Der Sonderberichterstatter äußerte sich des weiteren besorgt darüber, daß "tibetische Regierungsangestellte aus Lhasa mit dem Verlust ihrer Arbeitsplätze bzw. ihrer Renten bedroht wurden, sollten sie während des geheiligten buddhistischen Monats Sagadawa den heiligen Berg Kailash besuchen". Das tibetische Jahr des Wasserschafs (2003-2004) gilt für die Tibeter als ein besonders vielversprechender Zeitpunkt für eine Pilgerfahrt zum Berg Kailash, einem der heiligsten Berge Tibets.

Weiterhin setzte der Report die UN-Generalversammlung über die Inhaftierung von Tenzin Delek Rinpoche und die gegen ihn verhängte Todesstrafe sowie über den der 59. Versammlung der UN-Menschenrechtskommission hierzu vorgelegten Bericht in Kenntnis.

Abschließend informierte der Experte für religiöse Rechte die Generalversammlung über eine kürzlich erfolgte Intervention bei den chinesischen Behörden: "In der zweiten Kontaktaufnahme vom 12. Juni 2003 übermittelte der Sonderberichterstatter Einzelheiten über die am 27. Mai 2003 erfolgte Verhaftung dreier Mönche, Tamding, Palzin und Shondu sowie des Laien Ngodup, eines Mitarbeiters des Serthar Buddhist Institute. Berichten zufolge wurden sie im Zusammenhang mit einem Vorfall vom 25. Dezember 2002 verhaftet, bei dem es um den Wiederaufbau von im vergangenen Jahr durch die Behörden zerstörten Behausungen ging. Dabei soll es Verletzte und zerstörte Polizeifahrzeuge gegeben haben. (s. para. 21 of E/CN.4/2003/66)."

Im November 1994 wurde mit Abdelfattah Amor zum ersten Mal ein UN-Menschenrechtsexperte, zu dessen Aufgaben die Beobachtung der Menschenrechtssituation einschließlich der religiösen Freiheit in Tibet gehört, ernannt. Mehrere NGOs (Non-Governmental Organisations) haben die chinesische Regierung während der letzten Jahre zu einer Folgeeinladung an Amor gedrängt. Jetzt, nach dem Menschenrechtsdialog der VR China mit der EU und den USA, haben die chinesischen Behörden der offiziellen Einladung des Sonderberichtserstatters für Religion zugestimmt. In seinem Bericht an die UN-Generalversammlung erwähnt er diesen Punk jedoch nicht.
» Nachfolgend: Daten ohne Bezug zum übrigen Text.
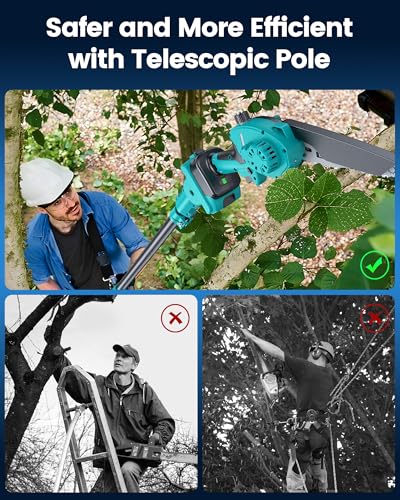 Electric Pole Saws for Tree Trimming, Brushless Mini Chainsaw - color: Azure Blue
Indessen ruft er "alle betroffenen Staaten zur Kooperation bei den Folge-Aktivitäten auf, die das Ergebnis eines jeden Besuches sein sollten und eine Kooperationsgrundlage bieten, von der sowohl die von seinem Auftrage direkt betroffenen Staaten als auch NGOs und Einzelpersonen und die Menschenrechtsarbeit der Vereinten Nationen im Ganzen profitieren können."

Der Report kann auf der offiziellen Website des UN-Hochkommissars für Menschenrechte (www.unhchr.ch) eingesehen werden.